The pertinent facts are as follows: On the morning of January 15, 1964, the plaintiff and a companion were walking to school via a route which took them in a westerly direction'along Southwest 146th, Seattle. The two girls had turned west at the intersection of Southwest 146th and 12th Ave. S.W., and began walking on the north side of the road with their backs to the traffic. At some point in the block between 12th Ave. S.W., and 14th Ave. S.W., the girls started to cross Southwest 146th at an angle to the south side of the roadway. Neither one of the girls looked to her rear to see if there were any cars approaching. When the plaintiff, who was the closest to the south side of the road had at least reached the center of the road (the exact location is in dispute), she heard a car approach from the rear. She continued to her left attempting to reach safety on the south side of the roadway and her companion moved to her right, back to the north side of the road. Before the plaintiff reached safety she was struck by the right front of the car driven by defendant. The testimony shows that defendant saw the two girls walking on Southwest -146th before she had reached the intersection of Southwest 146th and 12th Ave.

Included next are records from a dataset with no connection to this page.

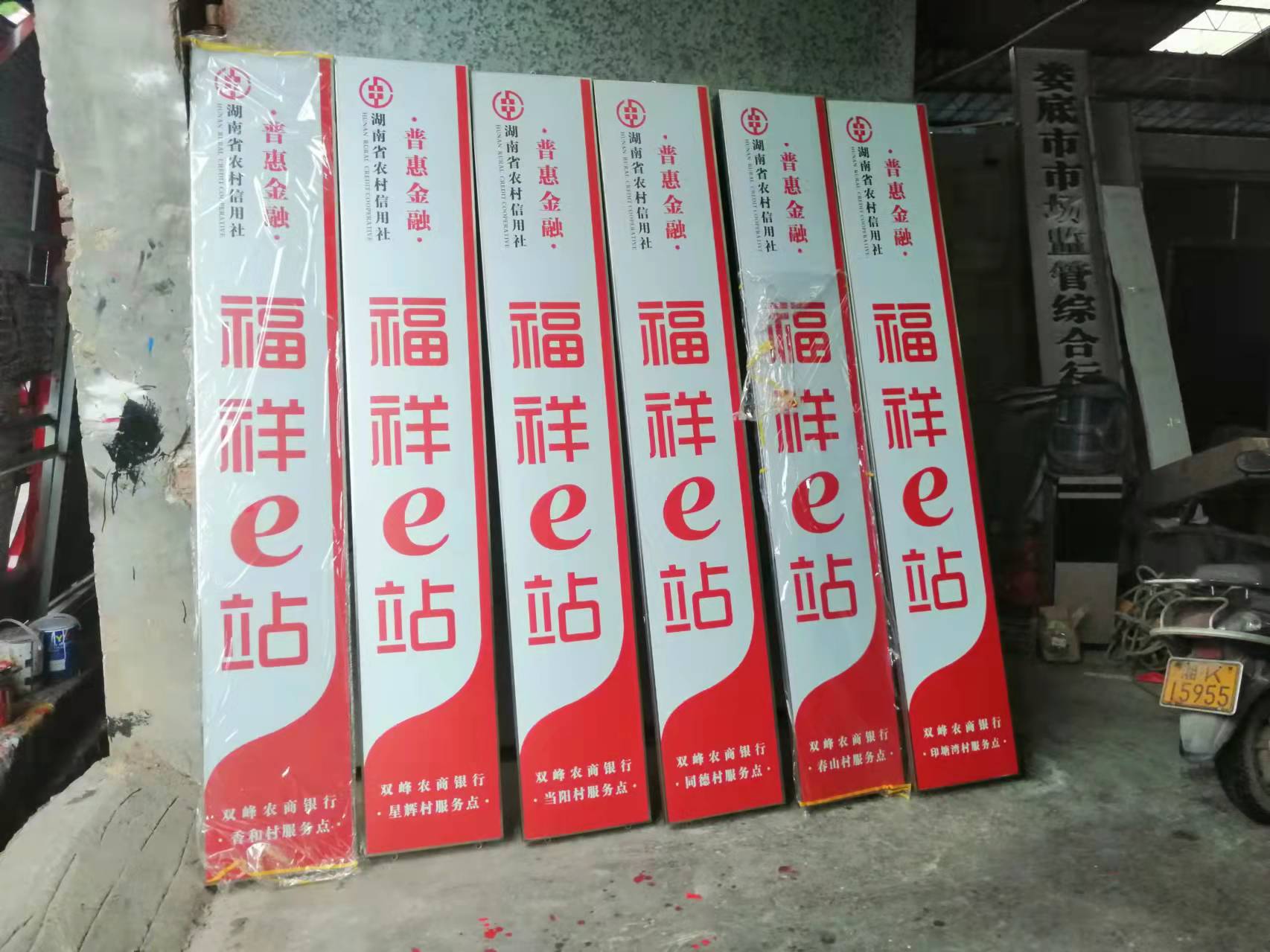 不锈钢09.jpg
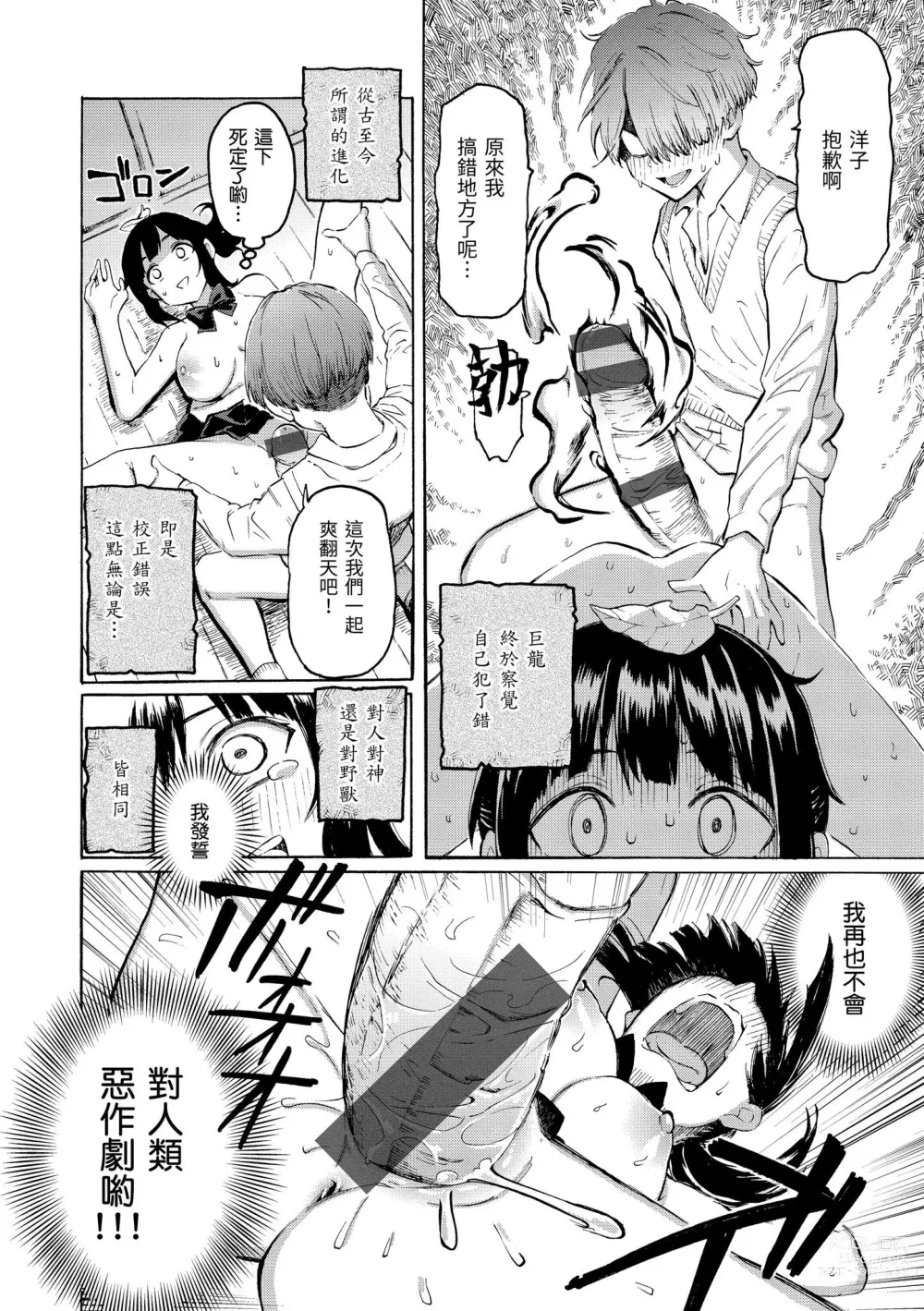 Page 124 of manga 花 flowers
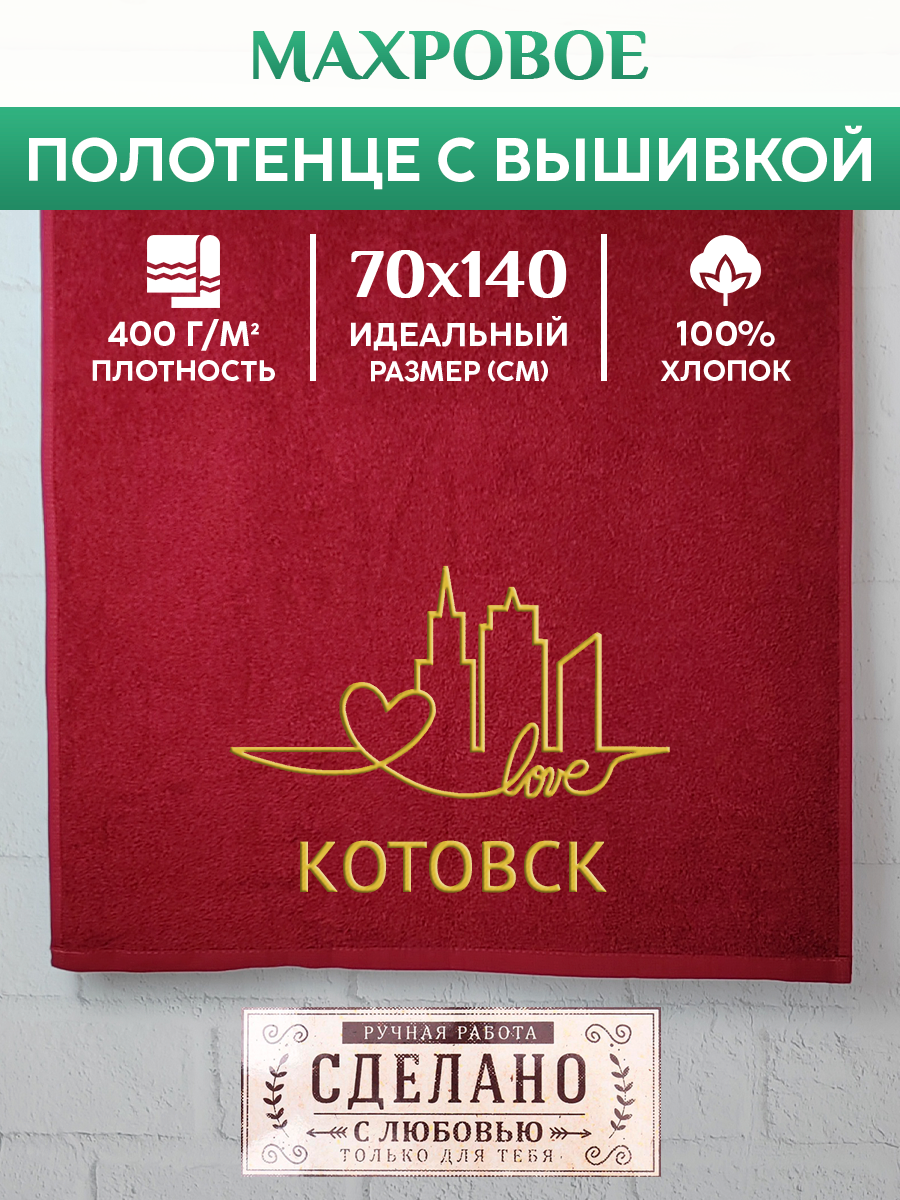 

Полотенце махровое XALAT подарочное с вышивкой Котовск 70х140 см, GORODA-0458, Котовск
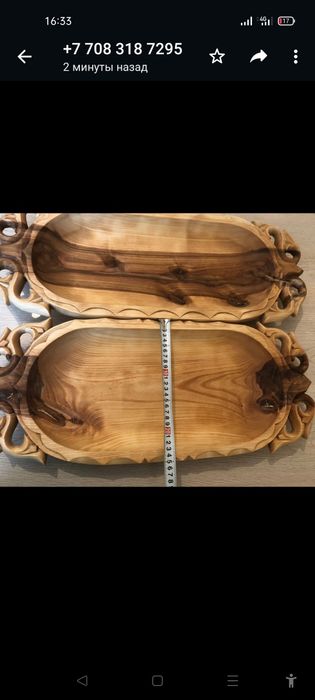 Продам астау дерево кедр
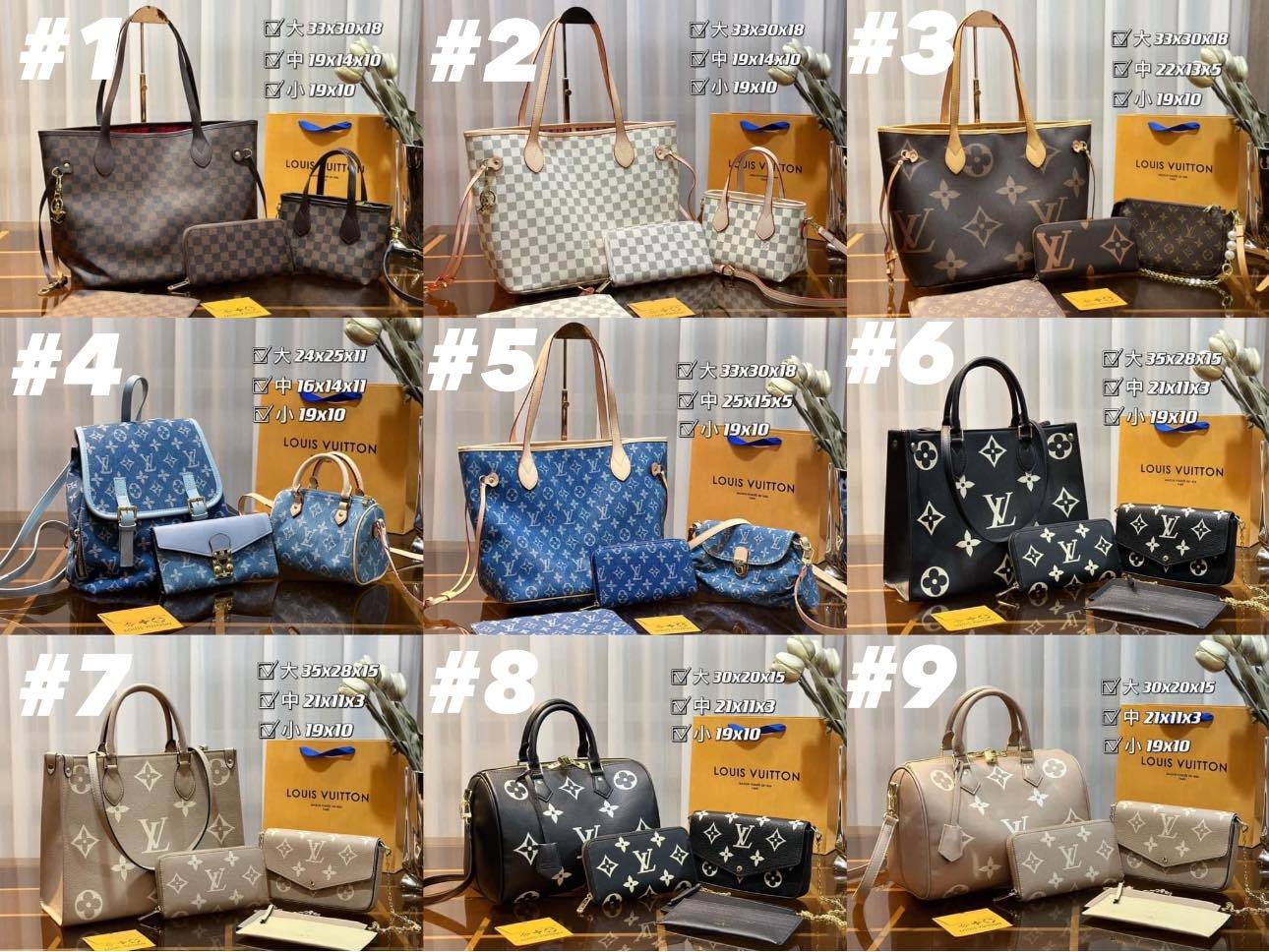 Handbag Set #4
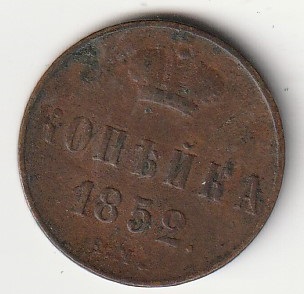 8-10 kopikas 1852
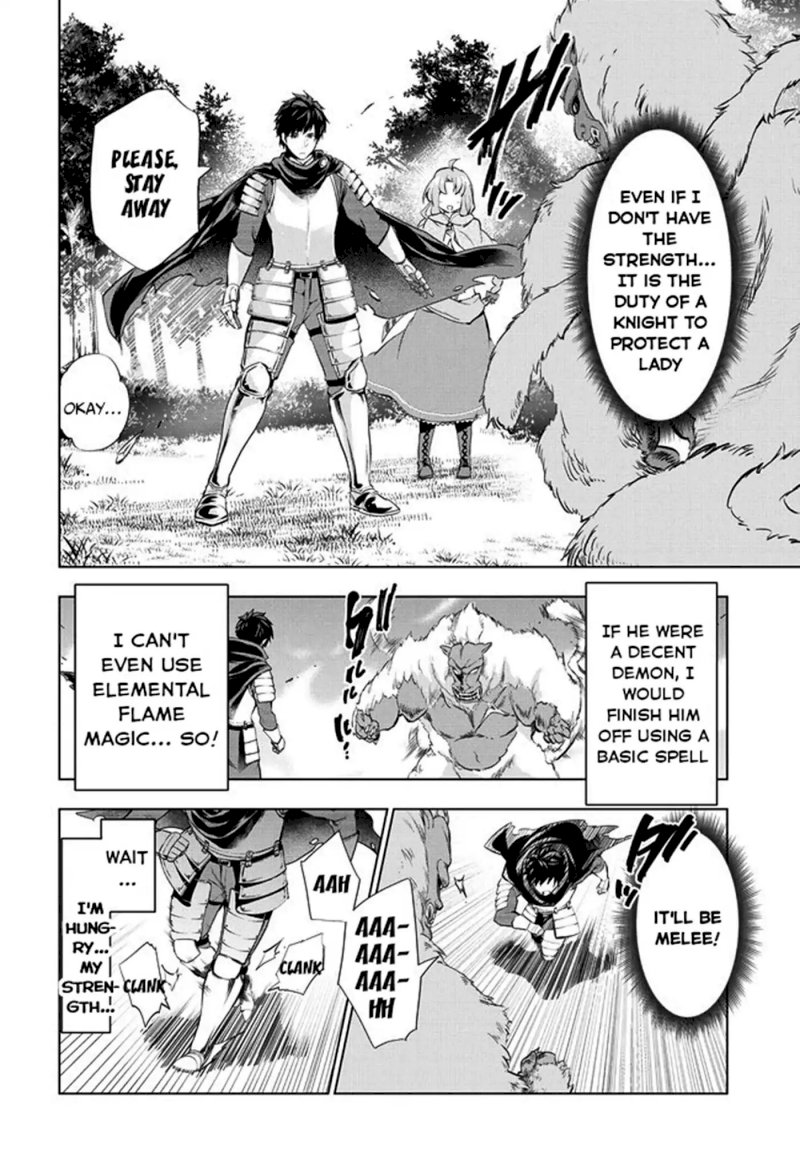 Kaiko sareta Ankoku Heishi (30-dai) no Slow na Second Life - Chapter 1 [photo 14] - MangaPorn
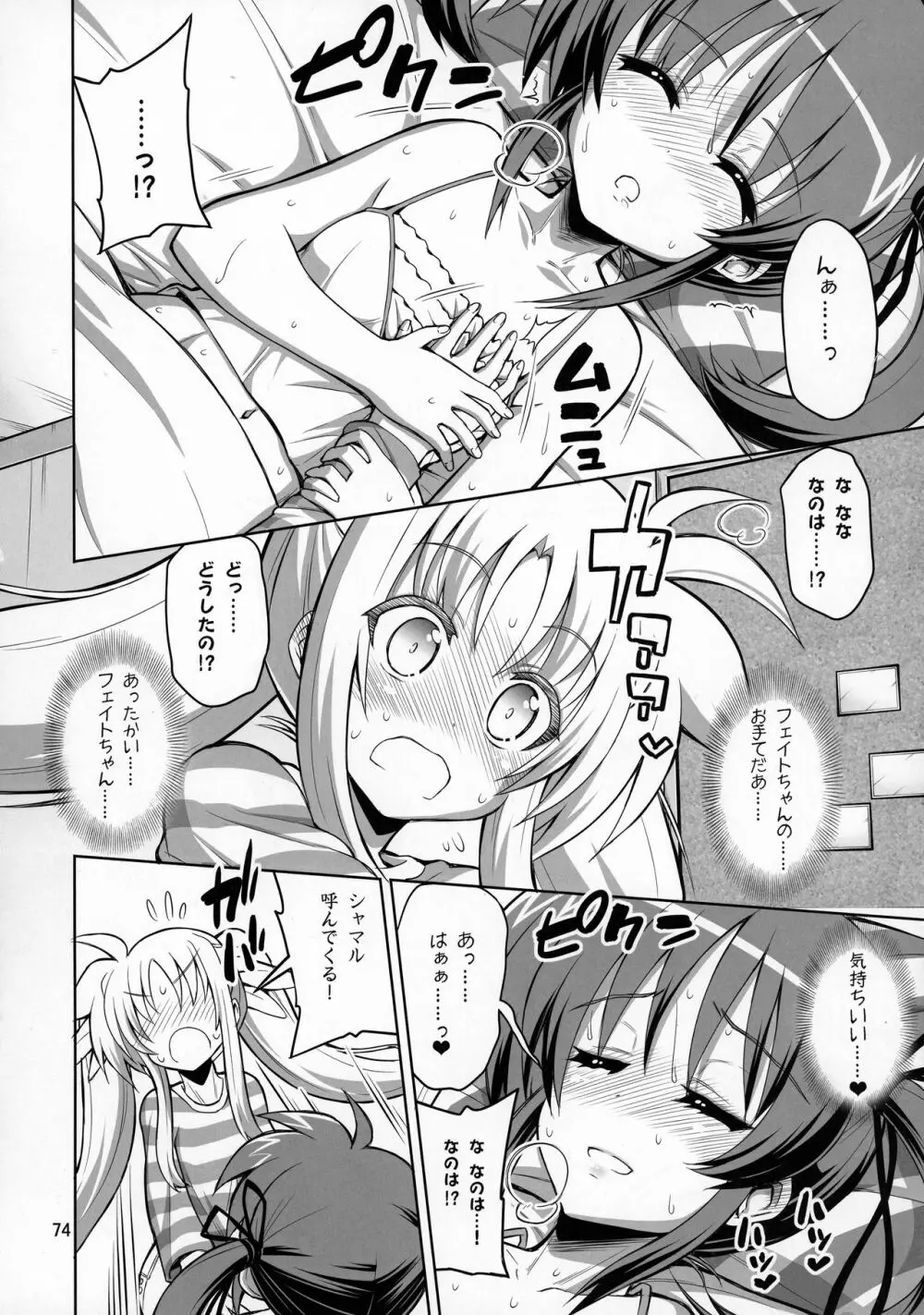 ふたなり なのフェイ 総集編 Page.74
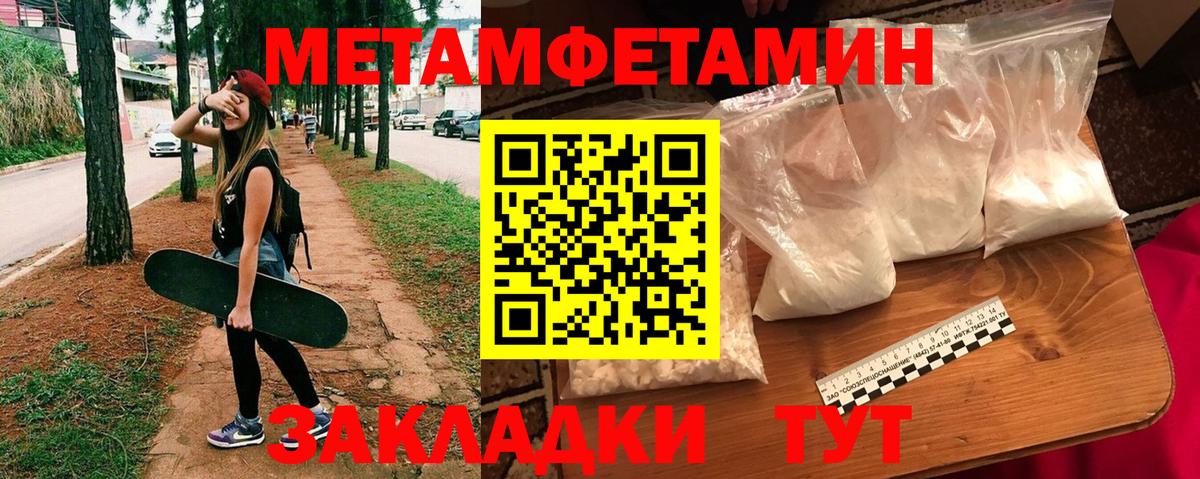 Amphetamine 98% Ялуторовск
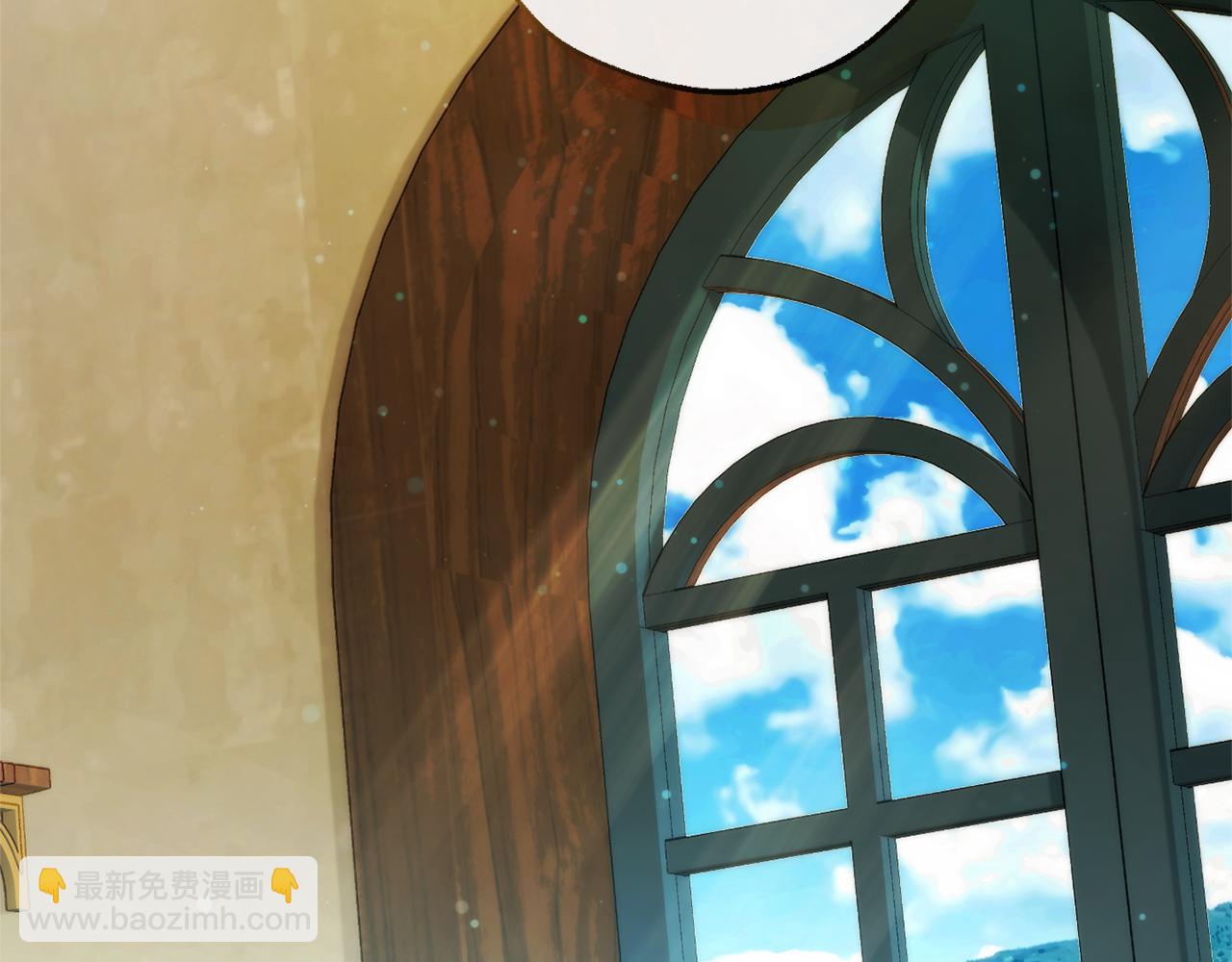 成爲伯爵家的廢物 - 第136話 去見黃金龍(3/5) - 5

S.W. The defendant testified that she followed the girls “for quite a long distance,” and she placed the point of impact closer to the intersecting street of 14th Ave. S.W., than 12th Ave. S.W. The plaintiff, however, placed the point of impact only about a quarter of a block west of 12th Ave. S.W. The minimum distance at which the defendant would have seen the girls was 154 feet, and the maximum 501 feet, depending on whose testimony is believed. The de *605 fendant testified that she drove slowly behind the girls, as they were in the roadway, hoping the noise of her car would warn them of her presence behind them. The defendant further testified that she honked her horn only once and that was when she was within a half a car length of the girls and then she immediately attempted to go around them by swinging to her left into the opposite traffic lane. It was during this evasive maneuver that defendant’s car struck the plaintiff.

The case was tried to a jury and resulted in a verdict in favor of plaintiff in the sum of $6,500. The defendant’s motions for judgment non obstante veredicto or in the alternative for a new trial were denied and judgment was entered on the verdict from which judgment the defendant has appealed.

Three of the assignments of error orbit around the defendant’s contention that the court erred in giving a last clear chance instruction. No exception was taken to this instruction.

No exceptions were interposed by the defendant to the court’s definition of negligence, contributory negligence and proximate cause.

The defendant does not argue that the last clear chance instruction does not state the law, but contends that there was no evidence to support it.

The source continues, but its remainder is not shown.